_Task objective_: Emit a verbatim copy of the lines below from the line with "Loroc'e UltraCalm Super" through the line with "Sedia di design", excluding pictures and everything outside that range.
Provided data: Begin
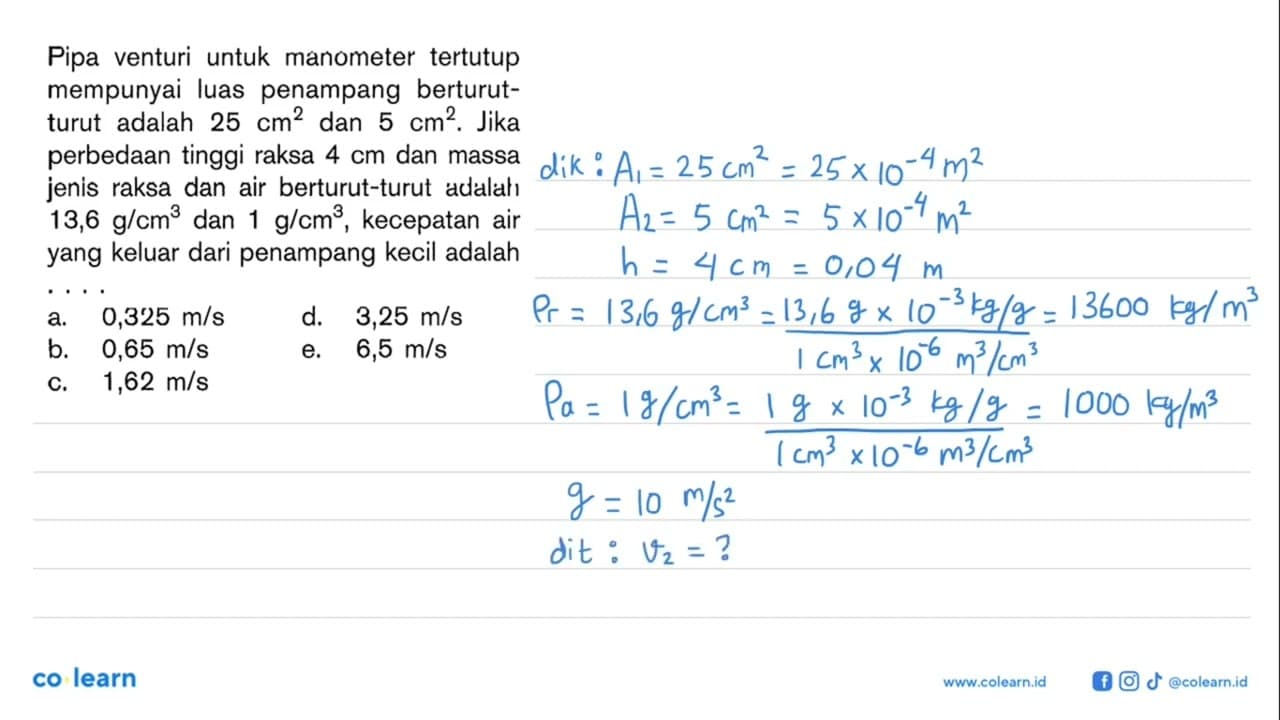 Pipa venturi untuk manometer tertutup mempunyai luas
Provided data: End
Provided data: Begin
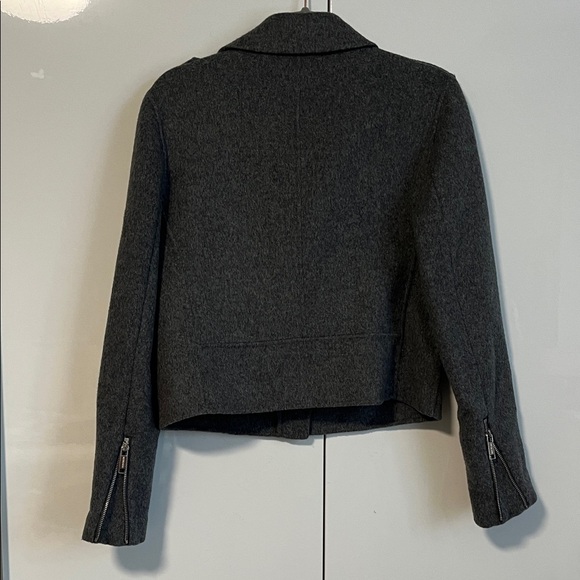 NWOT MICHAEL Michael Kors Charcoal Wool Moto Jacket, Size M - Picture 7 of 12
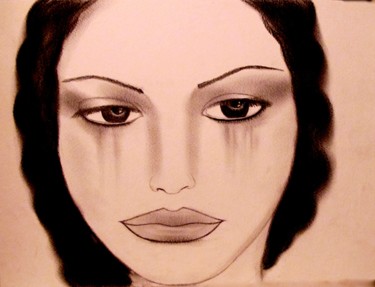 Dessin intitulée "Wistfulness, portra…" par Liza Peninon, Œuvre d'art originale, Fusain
Provided data: End
Provided data: Begin
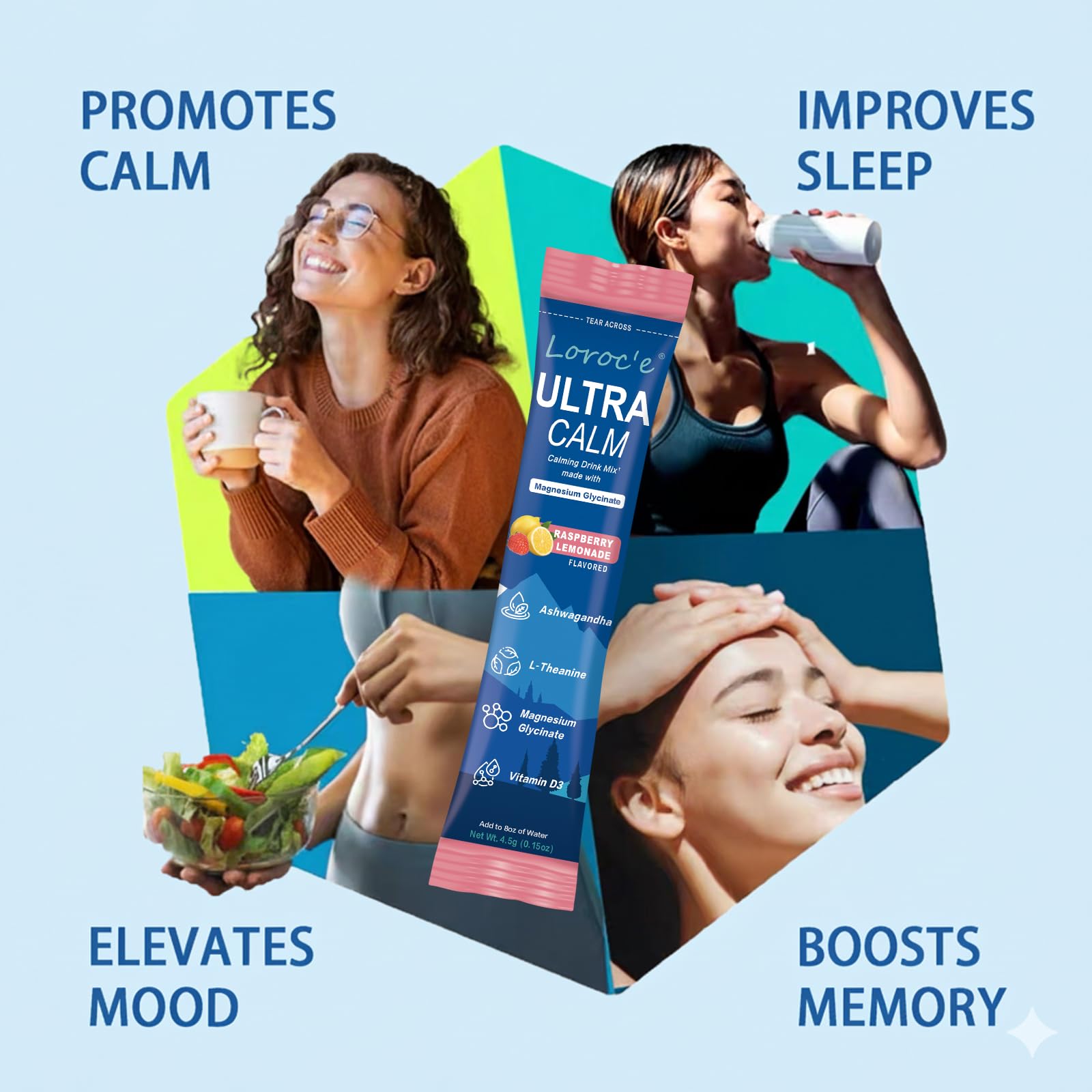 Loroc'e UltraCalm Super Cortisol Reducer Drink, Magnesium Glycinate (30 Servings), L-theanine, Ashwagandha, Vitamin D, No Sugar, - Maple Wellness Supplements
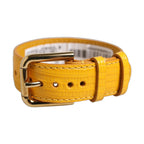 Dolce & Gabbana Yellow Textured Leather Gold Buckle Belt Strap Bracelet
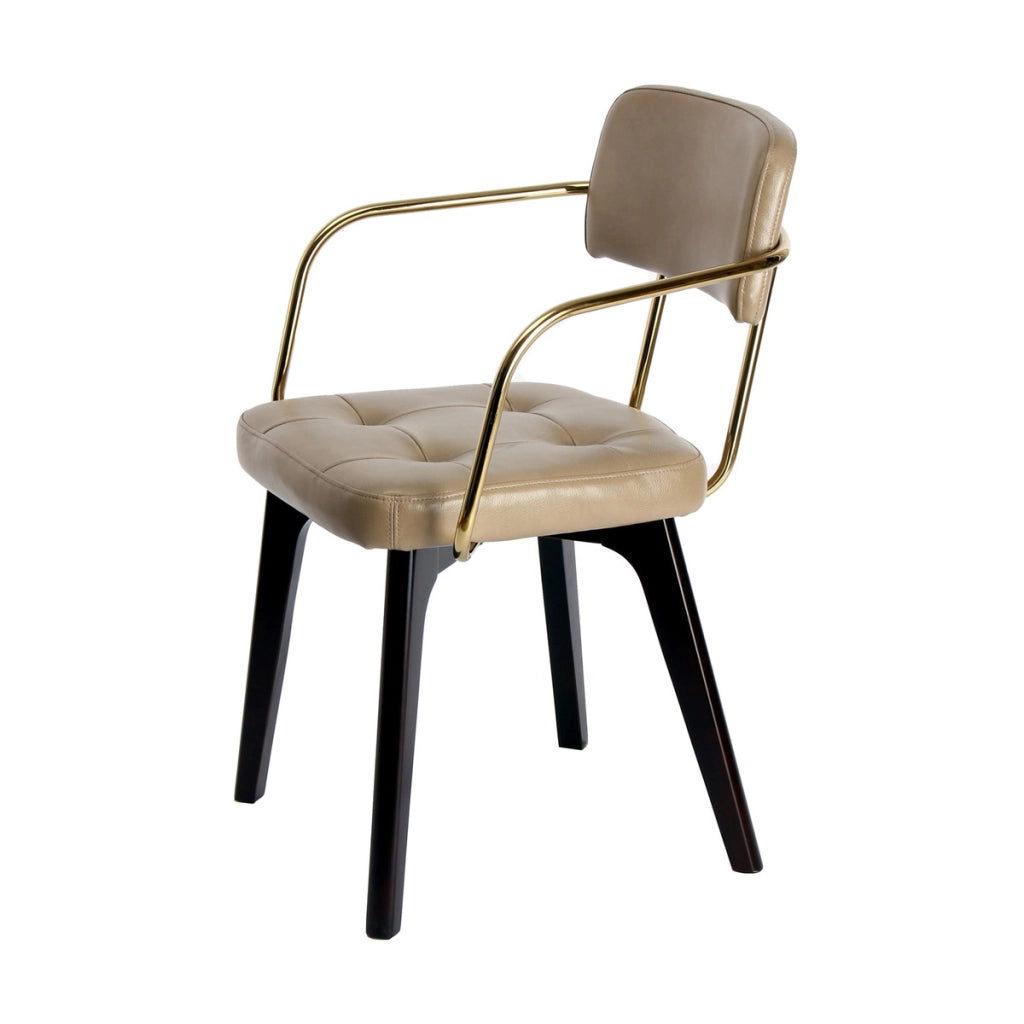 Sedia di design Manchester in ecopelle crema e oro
Provided data: End
_Exercise output_:
 Loroc'e UltraCalm Super Cortisol Reducer Drink, Magnesium Glycinate (30 Servings), L-theanine, Ashwagandha, Vitamin D, No Sugar, - Maple Wellness Supplements
 Dolce & Gabbana Yellow Textured Leather Gold Buckle Belt Strap Bracelet
 Sedia di design Manchester in ecopelle crema e oro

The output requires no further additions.